The latest release of the Netezza environment provides for stored procedures, which will formalize an invitation (for some) to black-box everything inside the black box. Do not fall into this trap. The black box is only colored that way, it is not intended to be used that way. In the end, we might have componentized stored procedures that do a lot of handy stuff for us, but if their activities are too hidden, we'll hear the same complaints from operators as we hear now when someone violates Rule #10 and performs bulk-data-processing inside their RDBMS, usually with a stored proc. Don't go there. Use the stored procs in peace, but be kind to your operators. Then they won't call you at midnight for answers.

 

So it goes with any operational scenario, but if we embrace some simple housekeeping hooks in a frameworked sense, we can avoid all these woes and pitfalls. The clear objective is to get more business functionality and solutions "under air" - that is - let the black box do what it does best - crunch and munch the data at high volumes.

 

A framework is a systematic way to startup a process, provide common resources for the process, allow the process to consume and leverage the resources as a foundation, and when the process completes, the resources are torn-down and tossed. This allows a given process to simply request a resource from the framework, with the expectation of delivery of course, without having to worry about giving it back, tearing it down or anything else in a housekeeping sense.

 

However, just to keep the operators happy, there is yet another practical means to avoid this headache, and this is to provide more than one database to support the data flow. Many of you are aware of the simplest form of this, where we have an intake database, a workspace database (for transforms) and a target database such as a repository or mart.

 

Staging -> Transforms -> Reposit

 

What this means is that we can intake data from any number of sources and assume that the information is in an unknown or dirty state. We can then apply large-scale transformation (joins, rollups, etc) to the data in massively parallel form. Once completely done, we commit our work to the target with simple table copies. We can afford a table copy in Netezza because of its ability to move data rapidly at the SPU level. Given the right distribution, copying data is a minor penalty when we see what we get back for it:

 

The ability to control the transformation process in a safe zone so that if it fails or corrupts, it is never committed to the repository. We use this technique in ETL all the time, pull data from a source, transform it and prepare it for insert, then commit it. We need to embrace this for ELT as well, because we need to protect the target from corruption with intermediate results from an incomplete operation.
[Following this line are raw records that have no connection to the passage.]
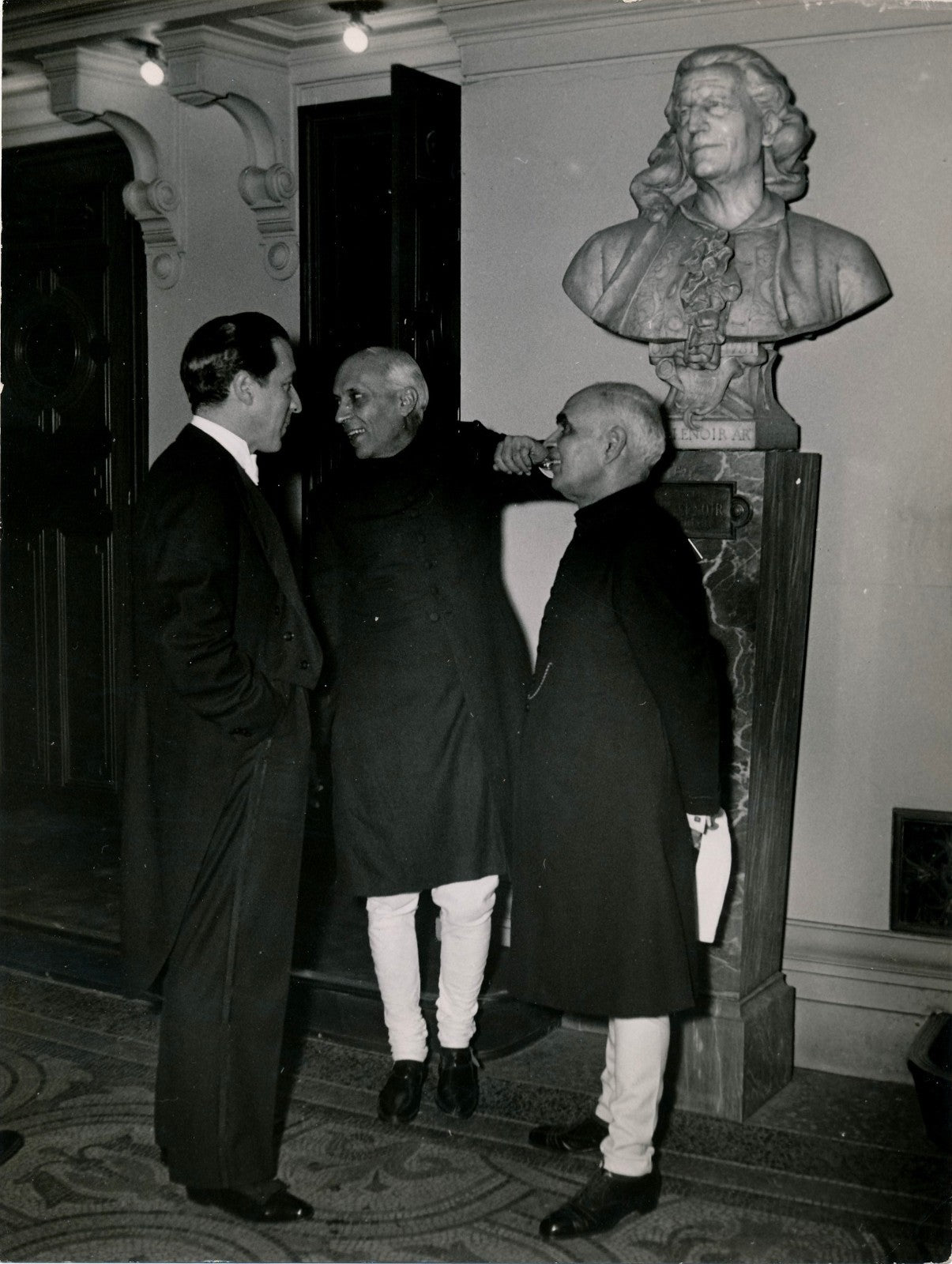 Nehru, Inde, à Paris, opéra de Paris buste Lenoir tirage époque c. 1950 photo
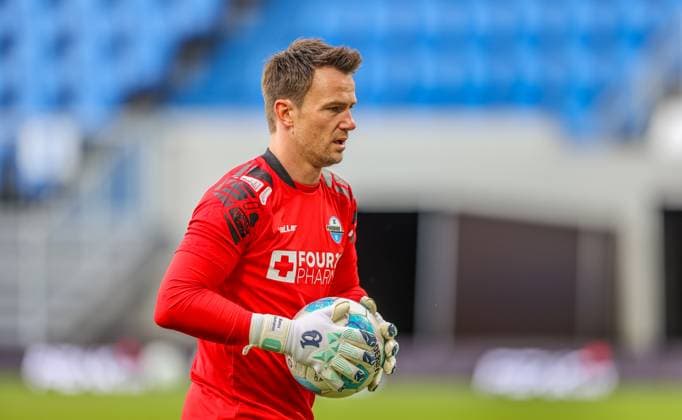 GER, Darmstadt, SV Darmstadt 98 vs SC Paderborn, 2. Bundesliga, Fussball, DFB, Spielzeit 2024 2025, Merck-Stadion am Böllenfalltor, 19. Spieltag, im Bild: Manuel Riemann (SC Paderborn 1) vor dem Spiel gegen Darmstadt 98 DFB DFL REGULATIONS PROHIBIT ANY USE OF PHOTOGRAPHS AS IMAGE SEQUENCES AND OR QUASI-VIDEO, 14.12.2024,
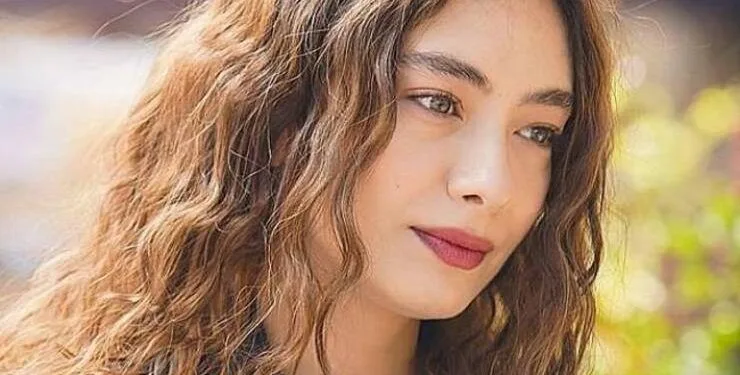 Neslihan Atagül tampoco pudo soportarlo, ¡usó ese filtro!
Once we assume the need for such a backbone, we don't really have a lot of high-functionality to support it. After all, if shell-script can help this along, I suppose any of you could provide a frameworked model in Perl, Java or .NET. But might not want to launch an entire development environment just to support these simple activities. They seem simple because they are. Shell script is good because it is inherently a control language and does not tempt us to do a lot of programming. Since we don't need a lot of programming, this is good.

 

When we launch an ELT framework, we need a number of different items to provide context. Once is a reference to the aforementioned databases. Understand also that if we have a database that is for our personal development use, it can behave as all three. Once we move toward integration, we would break apart the references and make sure nothing else breaks in the process.

 

We'll need a holding place for end-of-run teardown. Like a teardown-file we will execute at the end of the run. In this file, we will simply export our commands to tear down the resources we create, as we create them. So if nothing is created, there is nothing to tear down. At the end, we just execute the teardown file and it does the trick.

 

Now we'll need a way to create assets both as a local resource and as a more visible one. In bulding a local resource, we might create-table, or create-view or create-synonym etc and then call a housekeeping functon with the database name and the resource name so that it's marked for teardown. this is as simple as an nzsql "drop table tablename" statement. Either way, we drop the resource at the end of the run.

 

We'll also need the more visible form, that is creating a local asset in our Transform database that is identical to the target version of the asset. CTAS magic works for us here, in that we offer up several parameters to a given function, such as the table-to-create name, the "real" table name and the target database. For example, if our transform database is a my_transforms, and the target database is my_target, with a table name of my_table, we would want to create a table thusly

 

create table my_table_temp as select * from my_target..my_table limit 0;


But we can see a limitation here. We cannot run an application with multiples of these without accidentally stomping on each other. If another thread of this ELT stream is launched (say this one is running behind) it will attempt to create my_table_temp as well, and will fail (but might think it succeeded, the table is there after all) and start to write its data into the same resource that is being used by another thread.

 

No, the most appropriate way to deal with this is the simplicity of the AUDIT_ID, a bigint value that we capture at the beginning of the framework's run (and yes, it's a simple sequence value we pull from a sequencer on the Transforms database).

 

this in hand, we now create with confidence:


create table my_table_temp_$AUDIT_ID as select * from my_target..my_table limit 0;

 

Now we have our very own copy and no other thread, even for debug, will gain access to it. What do we do after this, is we simply echo the drop command to the houskeeping file, and we're done:

 

echo "drop table my_table_temp_$AUDIT_ID ;" >> $housekeeping_file

 

At the end of the run, we'll execute each item in the housekeeping file and this will tear down all the assets we created.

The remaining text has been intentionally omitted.